To reduce the cost of P2P-RPL route discovery in terms of the control packet overhead, energy consumption, and fast network convergence time, we exploited the IR-UWB-based cooperative multi-hop positioning with smartphone INS tracking by particle filtering. The Collision Avoidance Geographic P2P-RPL algorithm is proposed with limiting the network search space for the desired route discovery based on the location information of the source and destination nodes. To decrease the delay in propagating P2P-DIO transmissions for route discovery, the listen-only period of the trickle algorithm is selected dynamically based on the physical location information of each node.

3. Collision Avoidance Geographic Point-to-Point RPL

In this section, the Collision Avoidance Geographic P2P-RPL is proposed to discover the on-demand P2P route based on the location information from IR-UWB-based cooperative self localization. Collision Avoidance Geographic P2P-RPL was operated in RPL-based networks to find a P2P path with location information of each node. All nodes were UWB-enabled RPL routers and each node was able to estimate its location information by the fully-distributed Bayesian cooperative multi-hop positioning method. A node exchanged the statistical characteristics of the location error with neighbors by piggybacking a location error field on the standard RPL control messages (DIO and DAO).

Location error characteristics are represented by the location state, which includes the two-dimensional position information of the lower and upper bounds of the position estimates respectively. For P2P route discovery, the location-constrained forwarding zone is defined as the smallest rectangular region including the estimated region of the source and destination nodes. A node joins the temporary DAG rooted at the source and forwards a P2P-DIO only if it belongs to the location-constrained forwarding zone. Only the nodes within the location-constrained forwarding zone can participate in the route discovery procedure, resulting in reduced routing overhead of the P2P-RPL algorithm.

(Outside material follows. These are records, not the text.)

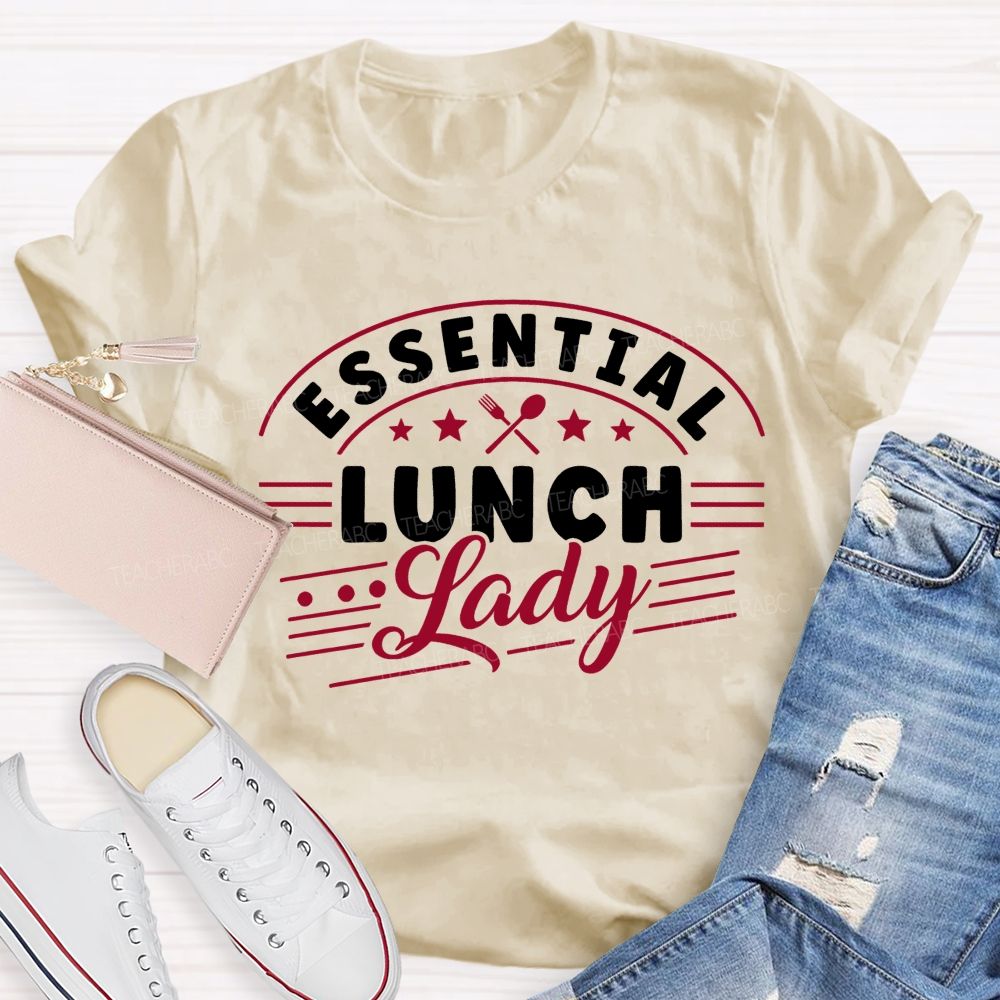 Essential  Lunch Lady Pink Star  Apple Teacher T-shirt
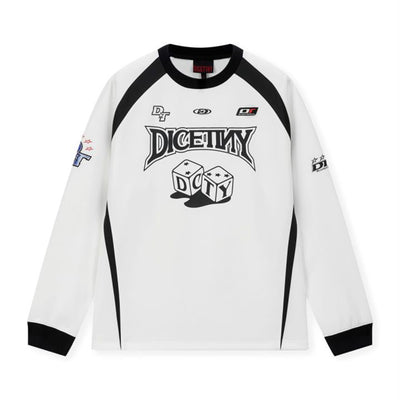 DICETINY Dice Logo Printing Long Sleeved Sports Jersey Tee | Face 3 Face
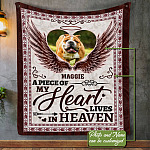 Custom Photo A Piece Of My Heart Lives In Heaven Dog Memorial Fleece Blanket - Mink Sherpa Blanket - Woven Blanket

To mitigate the long listen-only period and non-deterministic suppression problem, the collision avoidance elastic trickle timer algorithm is proposed. Each node is given a different length of listen-only period depending on the transmission priority. The order of the transmission priority is determined by the distance from the source node, and the angle between the line connecting the sender and the destination nodes and the line connecting the sender and the target nodes. If a higher order of transmission priority is given, then a shorter listen-only period is selected in the trickle timer. The shorter listen-only period allows a node to transmit a P2P-DIO earlier than the other nodes and the probability of collisions becomes significantly lower.

3.1. IR-UWB-Based Cooperative Multi-Hop Self Localization in LLNs

Figure 1 describes the proposed IR-UWB-based cooperative multi-hop self-localization system. Each node is location-aware by exchanging the statistical properties of the location error with its neighbors. The UWB radio module provides distance information between the nodes. In a two-dimensional network scenario, each node perceives a rectangular area in which it exists. Despite the short communication range of UWB technology, the proposed algorithm only needs a small number of anchor nodes with known locations.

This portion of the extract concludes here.